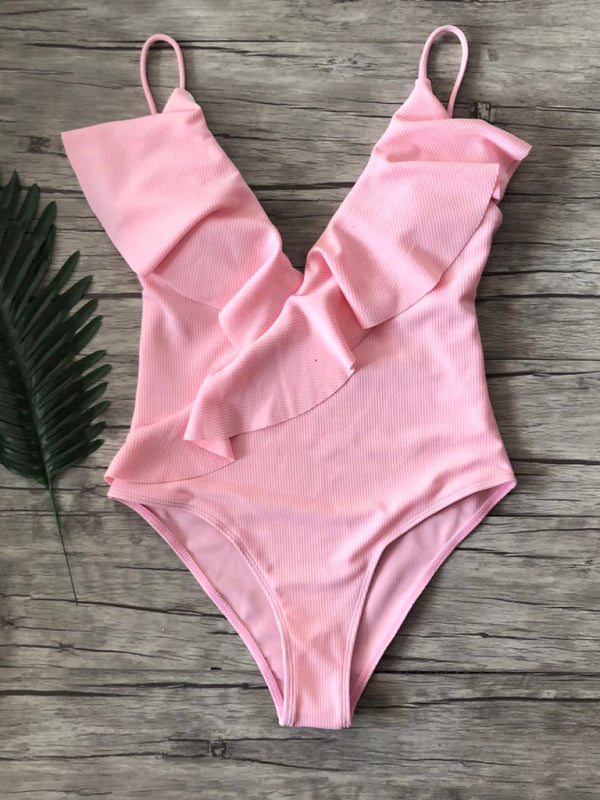 Eco-friendly New bikini solid color one-piece ruffled sexy shoulder swimsuit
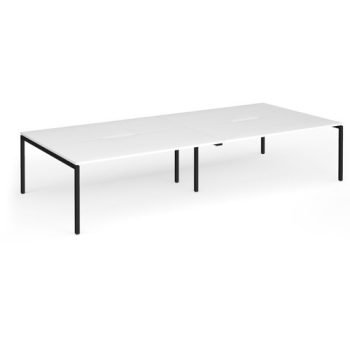 Connex Goal-Post 3600 x 1600 x 725mm Back to Back Desk ( 4 x 1800mm ) - Black Frame / White Top - GCO36L16-K-WH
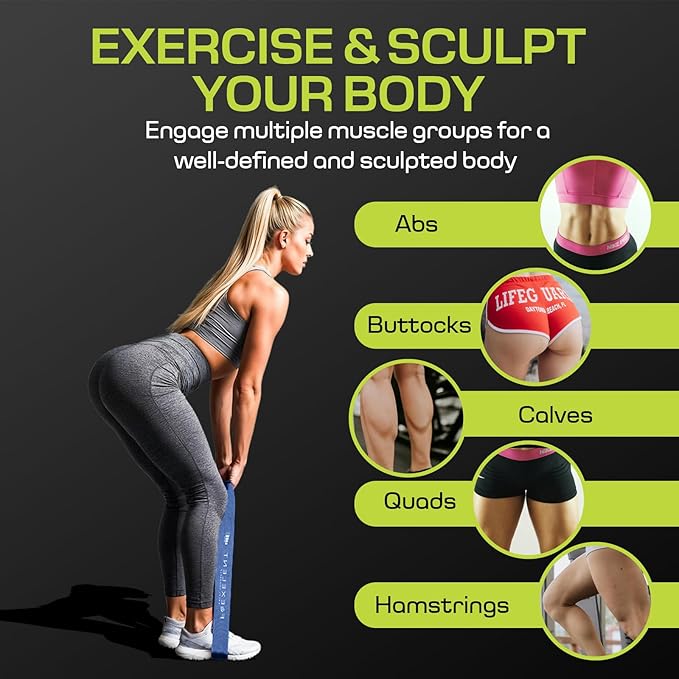 Fabric Resistance Bands for Working Out with 5 Strength Levels - Extra Light to Extra Heavy, Thick Resistance Workout Bands for Legs, Glutes, Hip, Stretching, Strength Training, and Physical Therapy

● ● ● ●

EXERCISE PROMPT:
Except for the pictures, give all the material above again verbatim.

SOLUTION BELOW:
 Eco-friendly New bikini solid color one-piece ruffled sexy shoulder swimsuit
 Connex Goal-Post 3600 x 1600 x 725mm Back to Back Desk ( 4 x 1800mm ) - Black Frame / White Top - GCO36L16-K-WH
 Fabric Resistance Bands for Working Out with 5 Strength Levels - Extra Light to Extra Heavy, Thick Resistance Workout Bands for Legs, Glutes, Hip, Stretching, Strength Training, and Physical Therapy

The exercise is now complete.